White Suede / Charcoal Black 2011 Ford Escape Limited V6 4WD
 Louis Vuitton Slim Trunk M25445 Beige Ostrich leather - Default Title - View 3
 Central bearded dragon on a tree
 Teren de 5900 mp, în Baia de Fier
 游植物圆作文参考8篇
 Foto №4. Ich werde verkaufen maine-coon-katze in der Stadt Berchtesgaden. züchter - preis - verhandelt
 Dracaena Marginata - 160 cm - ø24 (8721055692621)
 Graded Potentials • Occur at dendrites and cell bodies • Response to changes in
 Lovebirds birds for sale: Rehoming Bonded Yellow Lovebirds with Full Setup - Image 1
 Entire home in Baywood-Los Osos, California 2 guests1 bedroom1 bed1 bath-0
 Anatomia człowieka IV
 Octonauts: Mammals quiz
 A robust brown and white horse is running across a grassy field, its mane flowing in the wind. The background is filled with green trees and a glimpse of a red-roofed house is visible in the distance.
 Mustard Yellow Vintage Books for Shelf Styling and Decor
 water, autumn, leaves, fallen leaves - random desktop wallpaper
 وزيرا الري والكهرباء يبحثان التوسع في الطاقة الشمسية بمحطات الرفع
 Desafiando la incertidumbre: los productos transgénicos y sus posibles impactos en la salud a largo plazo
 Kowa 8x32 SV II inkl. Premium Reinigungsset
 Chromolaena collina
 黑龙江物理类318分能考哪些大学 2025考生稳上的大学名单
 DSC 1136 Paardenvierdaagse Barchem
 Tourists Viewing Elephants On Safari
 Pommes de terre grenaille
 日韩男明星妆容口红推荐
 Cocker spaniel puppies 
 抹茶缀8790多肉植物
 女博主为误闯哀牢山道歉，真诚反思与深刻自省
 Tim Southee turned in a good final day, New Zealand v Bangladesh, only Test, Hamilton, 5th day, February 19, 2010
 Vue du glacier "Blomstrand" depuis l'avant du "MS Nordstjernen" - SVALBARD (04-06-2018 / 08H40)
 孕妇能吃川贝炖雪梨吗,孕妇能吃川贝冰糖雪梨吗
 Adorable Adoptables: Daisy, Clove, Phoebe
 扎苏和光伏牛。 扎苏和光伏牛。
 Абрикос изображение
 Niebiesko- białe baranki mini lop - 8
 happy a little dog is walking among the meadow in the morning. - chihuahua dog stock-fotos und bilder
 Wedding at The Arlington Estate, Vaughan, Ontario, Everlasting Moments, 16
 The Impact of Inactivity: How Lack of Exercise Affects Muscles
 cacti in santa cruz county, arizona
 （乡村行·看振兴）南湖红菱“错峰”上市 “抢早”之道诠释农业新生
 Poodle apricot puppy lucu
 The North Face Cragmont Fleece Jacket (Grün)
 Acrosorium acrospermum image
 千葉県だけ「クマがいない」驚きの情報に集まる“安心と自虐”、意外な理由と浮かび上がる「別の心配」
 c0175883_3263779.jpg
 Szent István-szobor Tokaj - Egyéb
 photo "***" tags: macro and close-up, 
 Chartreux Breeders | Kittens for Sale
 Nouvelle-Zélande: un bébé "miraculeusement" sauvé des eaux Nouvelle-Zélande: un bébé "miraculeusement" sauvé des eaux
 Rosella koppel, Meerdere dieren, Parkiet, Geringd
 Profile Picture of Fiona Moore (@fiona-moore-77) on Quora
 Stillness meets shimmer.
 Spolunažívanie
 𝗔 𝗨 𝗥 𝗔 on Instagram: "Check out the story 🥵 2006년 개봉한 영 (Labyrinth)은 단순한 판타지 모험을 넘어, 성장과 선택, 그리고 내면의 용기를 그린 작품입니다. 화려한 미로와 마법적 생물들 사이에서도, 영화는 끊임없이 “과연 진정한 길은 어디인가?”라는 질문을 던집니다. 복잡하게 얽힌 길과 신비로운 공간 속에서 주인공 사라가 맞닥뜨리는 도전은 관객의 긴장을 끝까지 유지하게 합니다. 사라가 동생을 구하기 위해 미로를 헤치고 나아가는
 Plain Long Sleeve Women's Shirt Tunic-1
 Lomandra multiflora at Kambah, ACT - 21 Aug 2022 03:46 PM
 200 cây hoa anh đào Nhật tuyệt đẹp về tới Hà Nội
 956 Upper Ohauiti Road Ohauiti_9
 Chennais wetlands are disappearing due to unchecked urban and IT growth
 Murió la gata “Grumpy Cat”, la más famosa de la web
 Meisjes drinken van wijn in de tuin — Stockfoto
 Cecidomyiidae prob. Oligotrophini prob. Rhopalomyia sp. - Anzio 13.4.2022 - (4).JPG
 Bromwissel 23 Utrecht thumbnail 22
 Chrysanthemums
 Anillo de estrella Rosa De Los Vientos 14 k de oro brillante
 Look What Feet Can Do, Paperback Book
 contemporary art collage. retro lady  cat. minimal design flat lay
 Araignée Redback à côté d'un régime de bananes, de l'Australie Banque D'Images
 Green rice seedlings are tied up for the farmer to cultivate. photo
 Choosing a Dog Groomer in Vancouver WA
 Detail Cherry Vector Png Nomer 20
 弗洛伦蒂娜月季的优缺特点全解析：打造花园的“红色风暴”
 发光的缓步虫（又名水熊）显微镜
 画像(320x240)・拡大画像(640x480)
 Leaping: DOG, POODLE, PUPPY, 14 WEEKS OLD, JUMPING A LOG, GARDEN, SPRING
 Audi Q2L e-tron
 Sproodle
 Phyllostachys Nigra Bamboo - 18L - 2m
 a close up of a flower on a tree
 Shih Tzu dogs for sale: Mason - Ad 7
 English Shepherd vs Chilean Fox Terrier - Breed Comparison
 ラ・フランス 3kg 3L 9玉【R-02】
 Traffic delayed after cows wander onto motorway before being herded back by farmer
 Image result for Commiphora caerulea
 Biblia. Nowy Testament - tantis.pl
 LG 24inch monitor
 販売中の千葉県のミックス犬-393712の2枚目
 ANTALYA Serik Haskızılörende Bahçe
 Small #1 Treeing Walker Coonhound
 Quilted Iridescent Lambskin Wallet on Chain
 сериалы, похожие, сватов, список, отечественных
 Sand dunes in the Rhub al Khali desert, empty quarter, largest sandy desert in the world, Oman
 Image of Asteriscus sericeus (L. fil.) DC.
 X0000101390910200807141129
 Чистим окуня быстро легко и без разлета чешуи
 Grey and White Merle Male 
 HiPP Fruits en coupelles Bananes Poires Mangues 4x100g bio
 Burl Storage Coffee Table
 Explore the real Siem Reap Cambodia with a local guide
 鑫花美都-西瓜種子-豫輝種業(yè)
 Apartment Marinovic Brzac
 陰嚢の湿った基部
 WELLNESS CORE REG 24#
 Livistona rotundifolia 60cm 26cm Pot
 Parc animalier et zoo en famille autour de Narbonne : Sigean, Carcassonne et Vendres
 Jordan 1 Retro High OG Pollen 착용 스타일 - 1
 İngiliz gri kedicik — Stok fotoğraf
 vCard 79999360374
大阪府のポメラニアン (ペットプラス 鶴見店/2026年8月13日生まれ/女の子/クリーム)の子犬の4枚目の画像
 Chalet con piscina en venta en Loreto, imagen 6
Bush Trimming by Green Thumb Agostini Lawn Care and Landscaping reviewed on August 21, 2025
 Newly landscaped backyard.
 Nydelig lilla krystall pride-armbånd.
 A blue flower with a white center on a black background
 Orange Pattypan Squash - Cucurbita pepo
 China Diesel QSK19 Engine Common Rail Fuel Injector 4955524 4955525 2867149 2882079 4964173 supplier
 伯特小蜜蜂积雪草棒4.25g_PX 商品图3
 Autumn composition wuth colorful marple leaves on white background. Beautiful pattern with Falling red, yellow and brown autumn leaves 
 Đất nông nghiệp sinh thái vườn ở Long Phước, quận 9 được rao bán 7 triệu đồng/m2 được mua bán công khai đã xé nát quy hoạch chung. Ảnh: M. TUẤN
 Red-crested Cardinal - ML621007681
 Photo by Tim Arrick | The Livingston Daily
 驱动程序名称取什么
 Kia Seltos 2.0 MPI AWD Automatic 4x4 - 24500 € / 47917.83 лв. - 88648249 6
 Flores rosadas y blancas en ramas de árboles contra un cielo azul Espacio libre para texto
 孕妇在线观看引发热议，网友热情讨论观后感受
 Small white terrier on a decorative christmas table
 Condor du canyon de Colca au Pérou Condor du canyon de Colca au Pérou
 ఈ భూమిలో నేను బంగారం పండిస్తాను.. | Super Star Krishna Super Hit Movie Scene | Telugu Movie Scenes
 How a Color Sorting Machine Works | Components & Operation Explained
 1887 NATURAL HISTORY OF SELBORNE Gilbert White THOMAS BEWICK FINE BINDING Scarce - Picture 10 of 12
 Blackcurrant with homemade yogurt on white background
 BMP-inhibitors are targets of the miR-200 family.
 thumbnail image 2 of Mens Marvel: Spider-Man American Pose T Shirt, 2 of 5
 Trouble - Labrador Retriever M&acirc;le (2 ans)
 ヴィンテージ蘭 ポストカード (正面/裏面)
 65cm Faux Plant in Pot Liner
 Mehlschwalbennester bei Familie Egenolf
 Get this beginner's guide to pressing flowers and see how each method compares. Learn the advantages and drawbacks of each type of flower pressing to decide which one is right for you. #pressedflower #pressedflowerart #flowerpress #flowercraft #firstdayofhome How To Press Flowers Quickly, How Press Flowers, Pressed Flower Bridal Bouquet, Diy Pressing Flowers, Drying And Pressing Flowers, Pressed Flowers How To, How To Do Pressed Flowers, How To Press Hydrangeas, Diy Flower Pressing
########################################
Activity:
The answer is every line in the data where the word "leaves" appears.

Response below:
 water, autumn, leaves, fallen leaves - random desktop wallpaper
 Autumn composition wuth colorful marple leaves on white background. Beautiful pattern with Falling red, yellow and brown autumn leaves 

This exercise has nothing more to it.